The fight for life has been inextricably woven into our own lives. We’ve taken it from an arrow-shaped prayer room near the Supreme Court and carried it into our present work. Our hearts still cry for the pleading of the blood of Christ over our nation. We still long for justice to roll down like waters.
Some of us may no longer stand in front of the Supreme Court wearing pieces of red tape over our mouths, prophesying life. Instead we stand in prayer across the nation. We watch the judges make decisions from our smartphones and listen to their rulings through our TVs.

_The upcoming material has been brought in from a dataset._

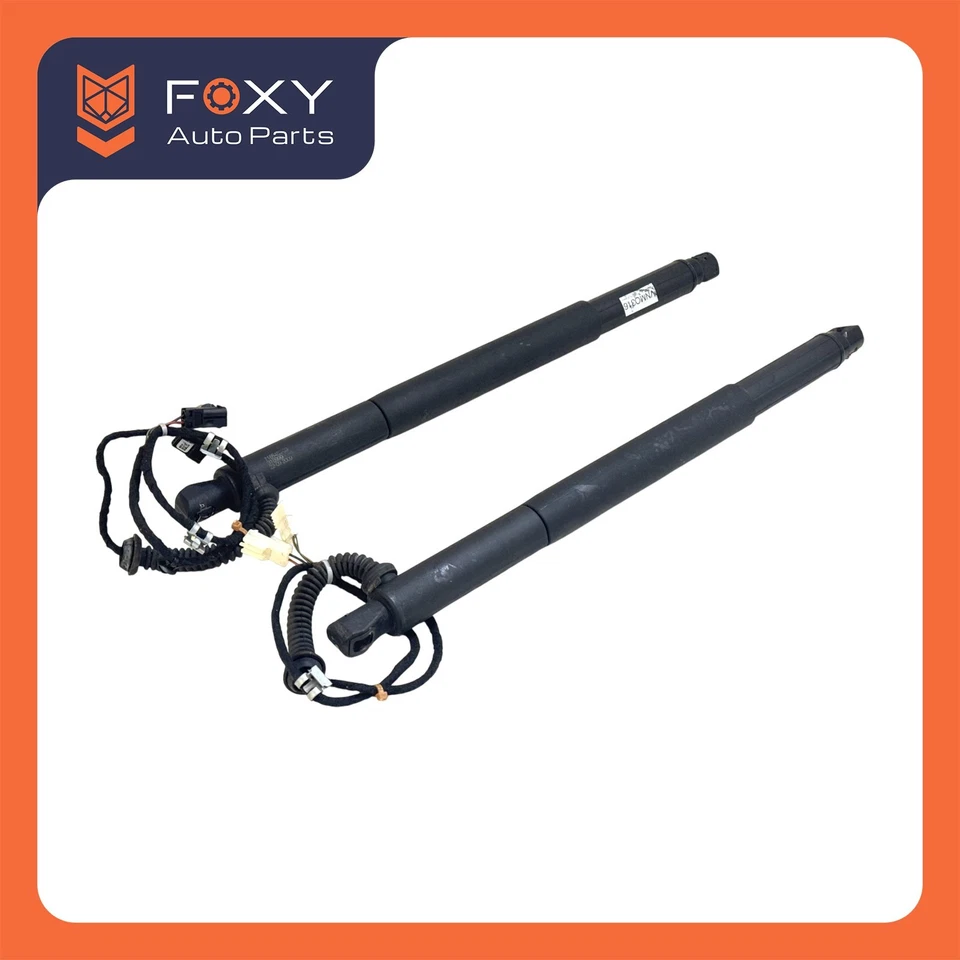 Conjunto de apoio de suspensão traseiro esquerdo e direito BMW X6 E71 E72 2008-2014 porta traseira fabricante de equipamento original - Imagem 4 de 4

Our ears are tuned in, our hearts still engaged in the battle. As brave soldiers, we follow the orders of our Heavenly Commander. We went to D.C. to enter into service wholeheartedly—and when our time was up, we returned to civilian affairs.
When we left, others took our place. Ten years later, they are still coming. They come because they heard the same trumpet call that beckoned me. They pray because they still believe God has a dream for America. The fight because, like David, they say: “Is there not a cause?”
When the forts of folly fall, you will find their bodies by the wall.
To all who labored in the years past, Heaven thanks you for your sacrifice. To those who continue to stand before the Highest Court in the land, America will forever be in debt to you.
Can a nation be changed in a day? Only God knows the answer. Yet, I earnestly believe 10 years of prayer is bound to make a difference.